## Data extract
- - - - - - -

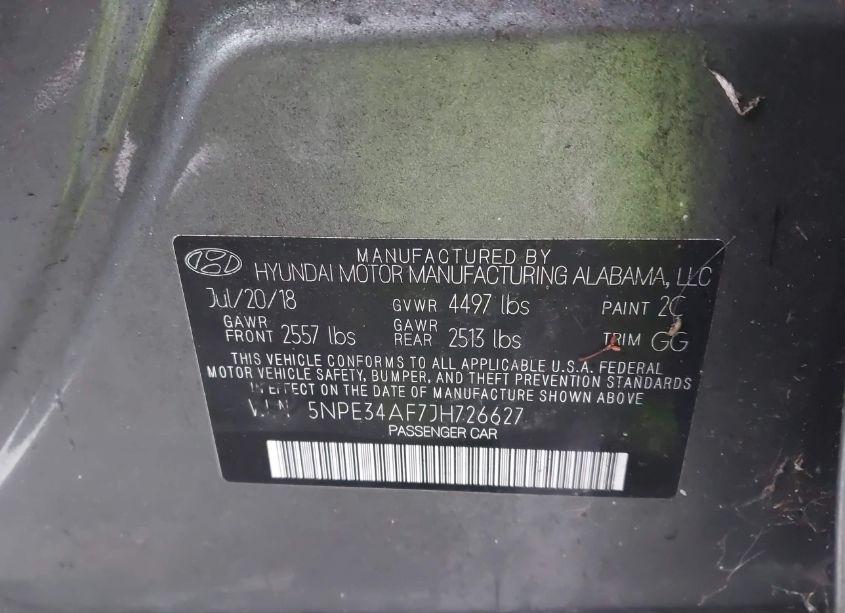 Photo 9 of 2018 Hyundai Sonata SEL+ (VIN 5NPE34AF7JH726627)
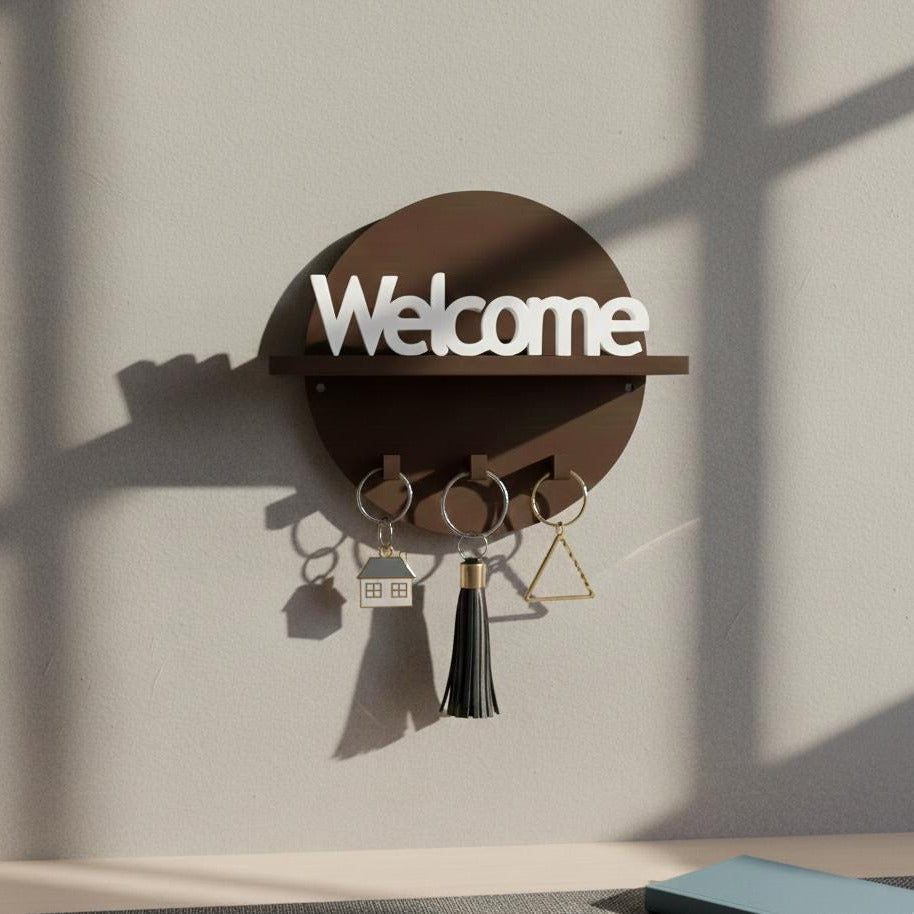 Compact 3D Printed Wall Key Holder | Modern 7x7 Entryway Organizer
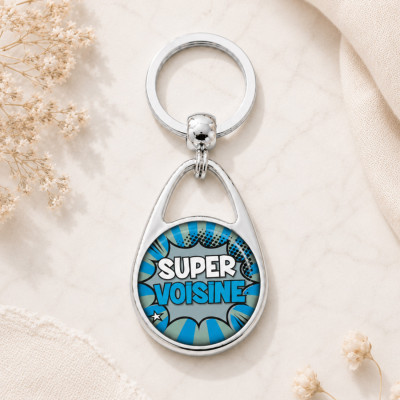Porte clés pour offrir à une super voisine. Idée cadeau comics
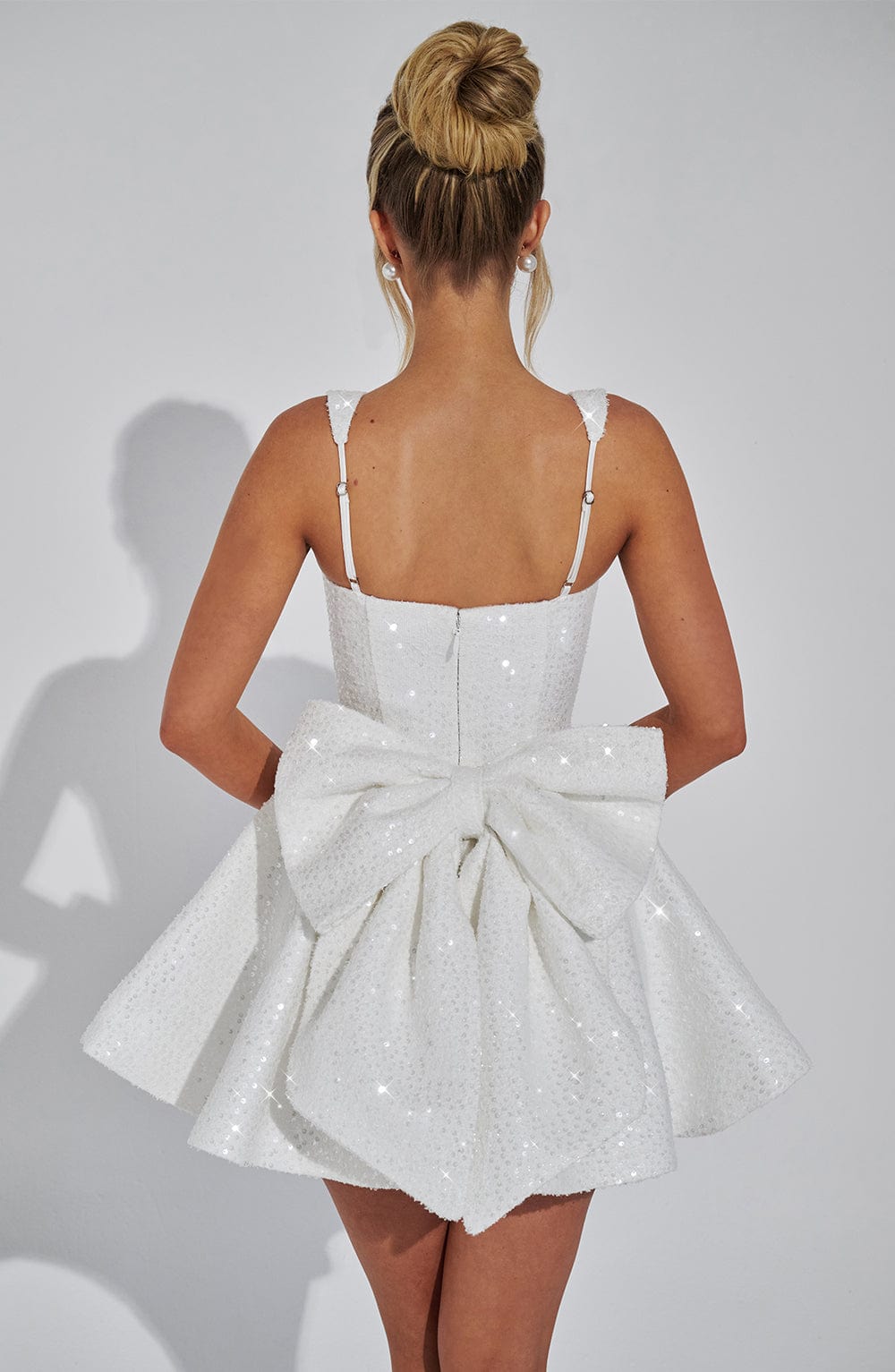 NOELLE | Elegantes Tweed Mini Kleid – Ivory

- - - - - - -

Quote everything in the listing above exactly; pictures are the only thing to omit.

 Photo 9 of 2018 Hyundai Sonata SEL+ (VIN 5NPE34AF7JH726627)
 Compact 3D Printed Wall Key Holder | Modern 7x7 Entryway Organizer
Porte clés pour offrir à une super voisine. Idée cadeau comics
 NOELLE | Elegantes Tweed Mini Kleid – Ivory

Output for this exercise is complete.